## [What is needed]
Omitting all images, transcribe the entries word for word.

## [Data]

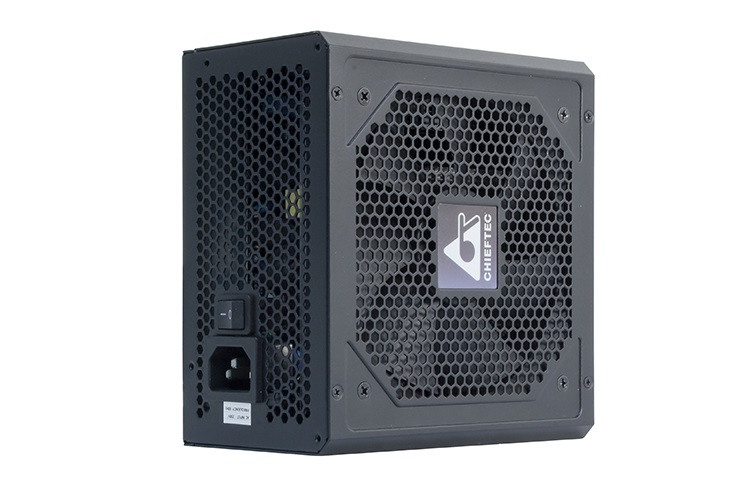 Chieftec ECO GPE-700S 700W PFC 12 cm ventilátorral tápegység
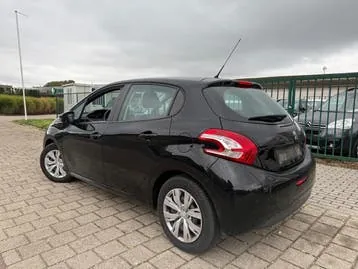 Peugeot 208 2012 photo 3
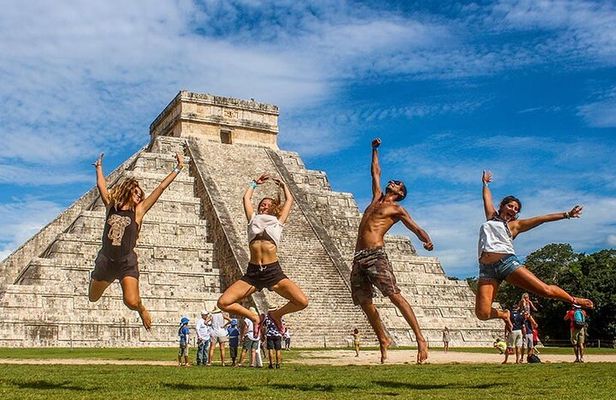 Chichen Itza Day Trip from Riviera Maya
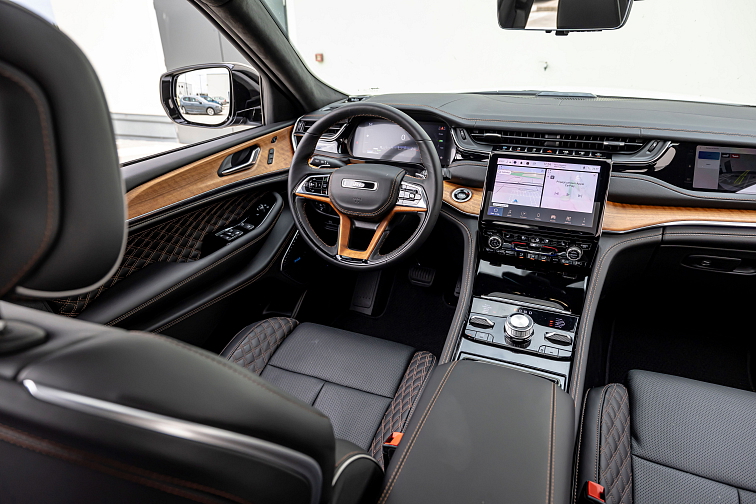 Poslední šance pořídit si na českém trhu Jeep Grand Cherokee 4XE. Výhodná nabídka skladových vozů, nyní nově s cenovým zvýhodněním až 550 000 kč vč.dph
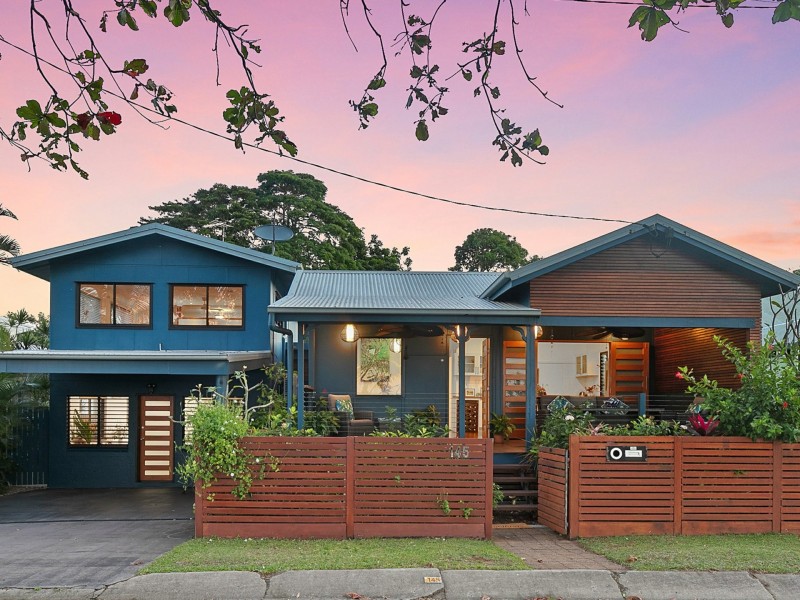 145 O’Shea Esplanade, Machans Beach QLD 4878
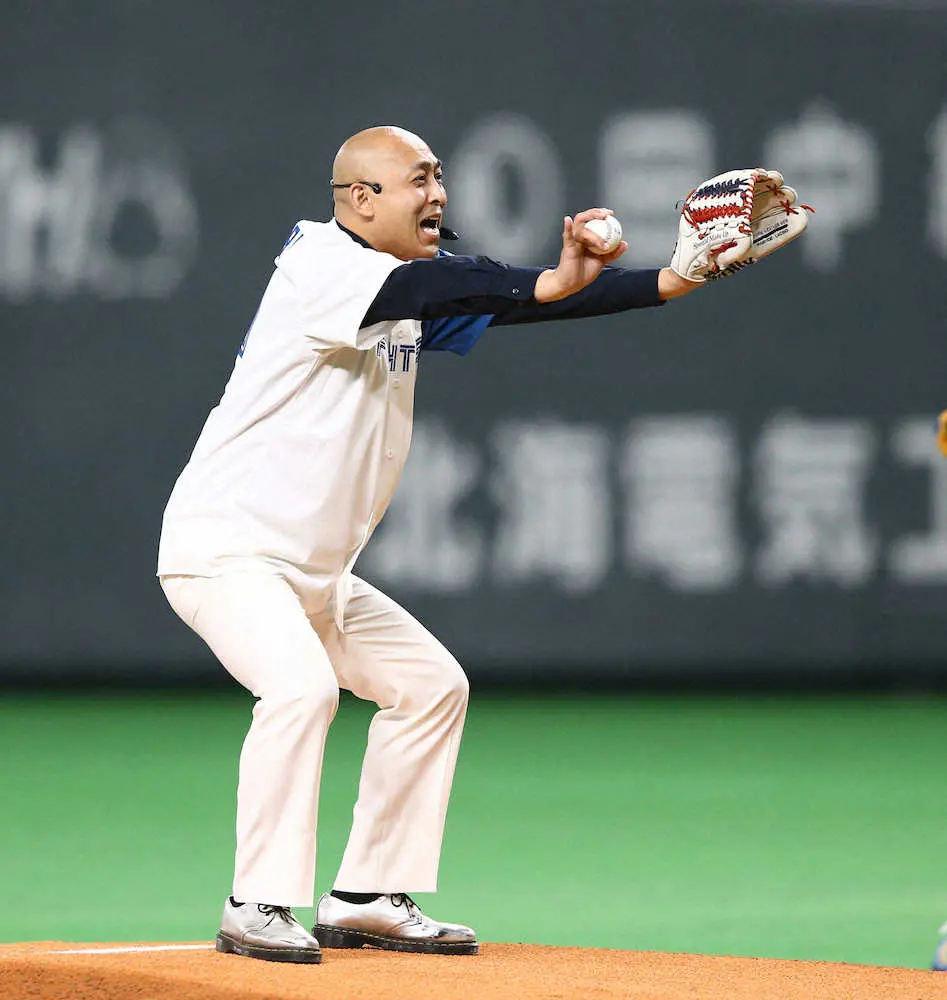 【画像・写真】錦鯉が日本ハム戦で始球式　長谷川が“こんにちわ投法”でノーバウンド投球披露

## [Task result]
 Chieftec ECO GPE-700S 700W PFC 12 cm ventilátorral tápegység
 Peugeot 208 2012 photo 3
 Chichen Itza Day Trip from Riviera Maya
 Poslední šance pořídit si na českém trhu Jeep Grand Cherokee 4XE. Výhodná nabídka skladových vozů, nyní nově s cenovým zvýhodněním až 550 000 kč vč.dph
 145 O’Shea Esplanade, Machans Beach QLD 4878
 【画像・写真】錦鯉が日本ハム戦で始球式　長谷川が“こんにちわ投法”でノーバウンド投球披露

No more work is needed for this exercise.